■ Exercise directions
In the data below, repeat the line containing "Original new diesel" and every following line exactly, up to and including the last line. Exclude pictures.

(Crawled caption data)
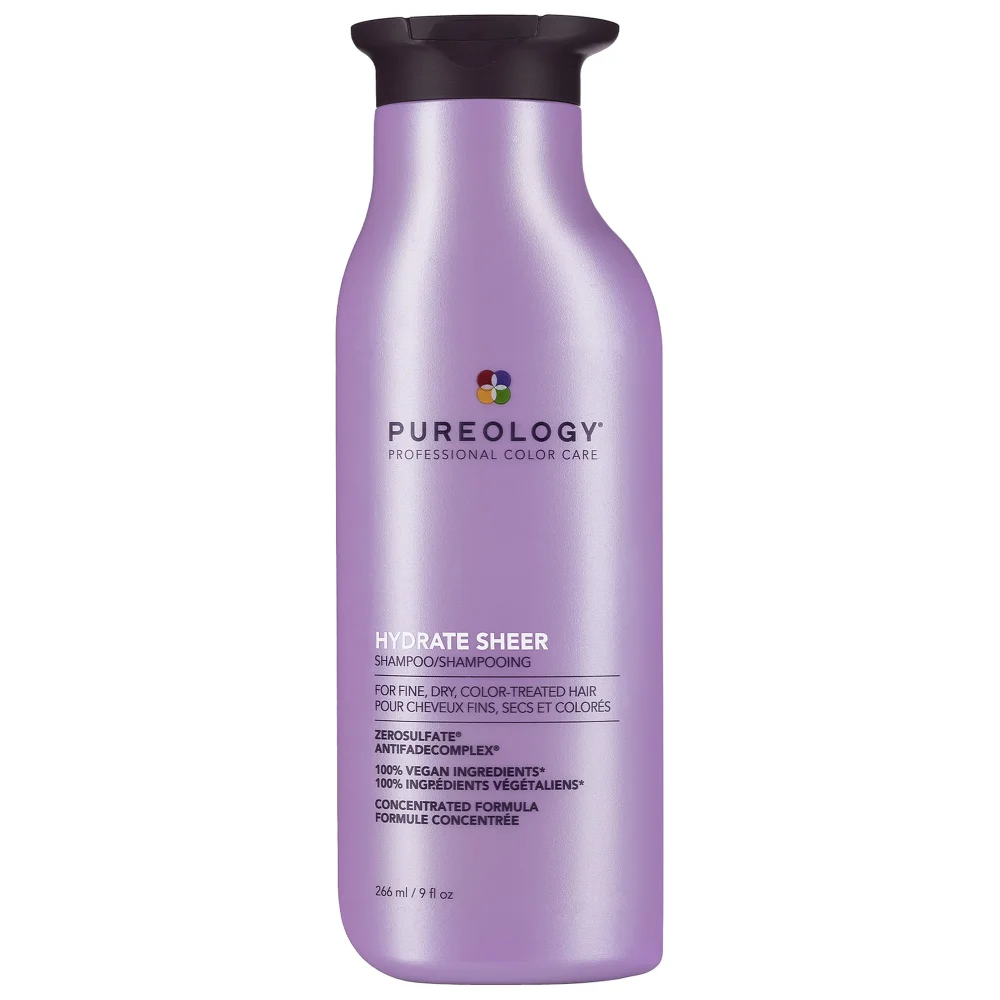 Pureology Hydrate Sheer Shampoo 266ml Image 1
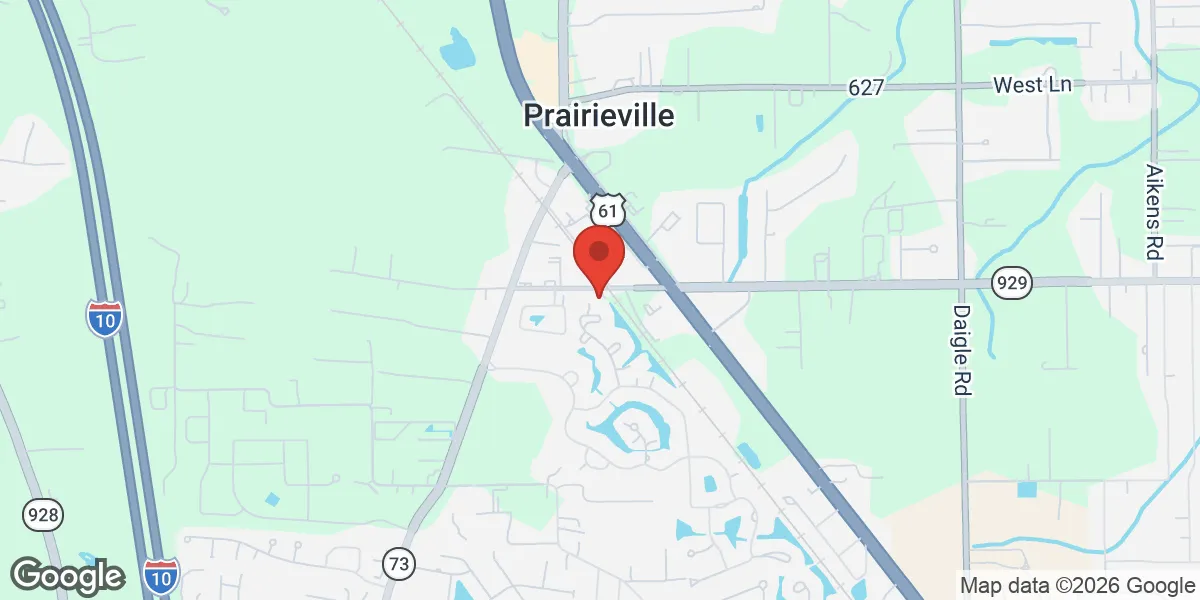 Map showing Vitality Testosterone Replacement Therapy Clinic location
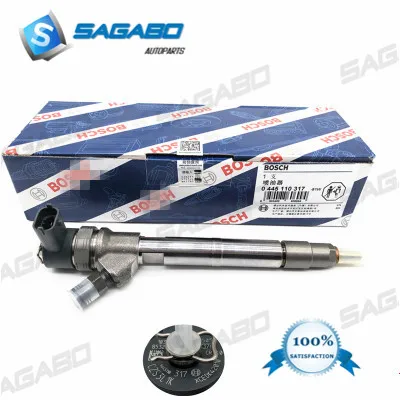 

Original new diesel engine injector Injector for Paladin 2.5D 4WD 109kw injector 0445110317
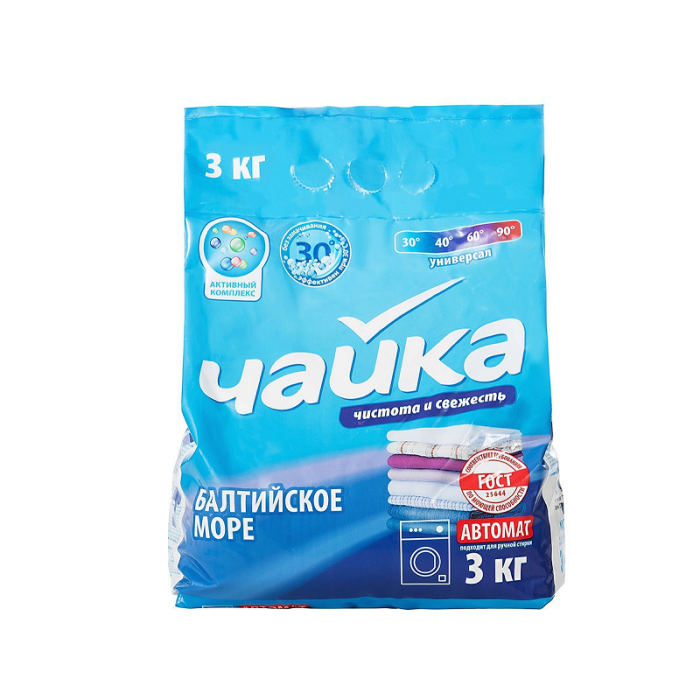 Порошок Чайка Универсал 3 кг.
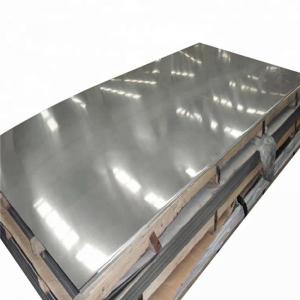 China 1000mm - 6000mm Cold Rolled Stainless Steel Sheet 2B BA HL 8K on sale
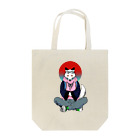 苦ツ露義屋の着物パーカー狐くん Tote Bag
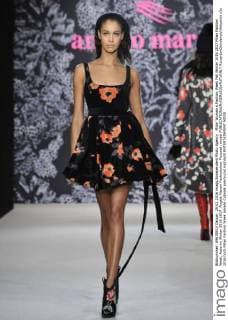 Milan Woman s Fashion Week Fall Winter 2016 2017 Milan Fashion Week, Autumn Winter 2016 2017. Angelo Marani Fashionshow Pictured: model  RiccardoxGiordanox xfotosicki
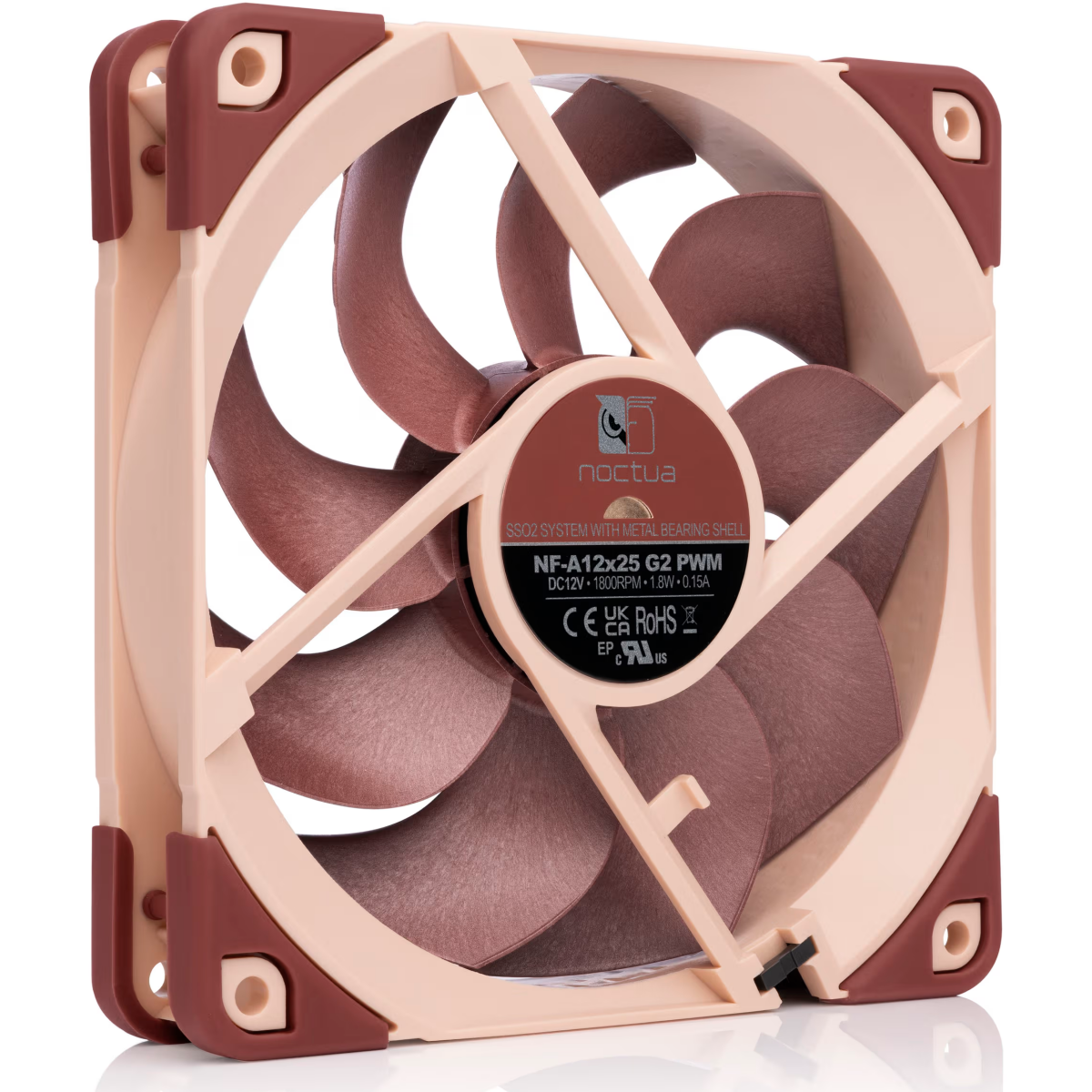 Вентилятор для корпуса Noctua NF-A12x25 G2 PWM — изображение 2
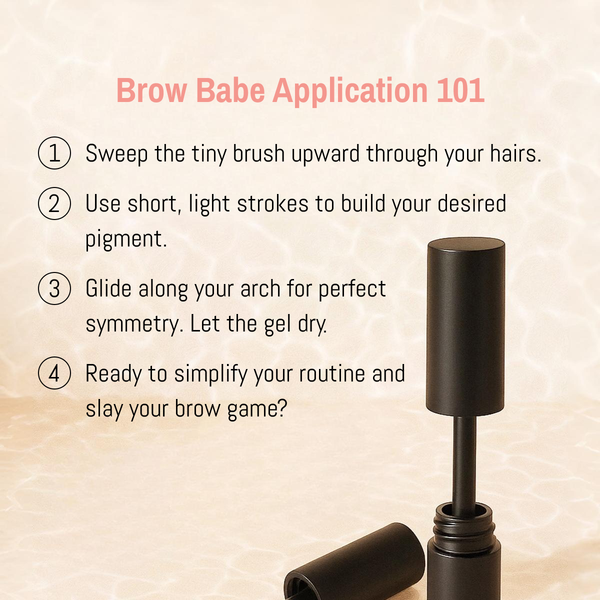 Tinted Brow Babe Gel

■ Your response
Original new diesel engine injector Injector for Paladin 2.5D 4WD 109kw injector 0445110317
 Порошок Чайка Универсал 3 кг.
 China 1000mm - 6000mm Cold Rolled Stainless Steel Sheet 2B BA HL 8K on sale
 苦ツ露義屋の着物パーカー狐くん Tote Bag
 Milan Woman s Fashion Week Fall Winter 2016 2017 Milan Fashion Week, Autumn Winter 2016 2017. Angelo Marani Fashionshow Pictured: model  RiccardoxGiordanox xfotosicki
 Вентилятор для корпуса Noctua NF-A12x25 G2 PWM — изображение 2
 Tinted Brow Babe Gel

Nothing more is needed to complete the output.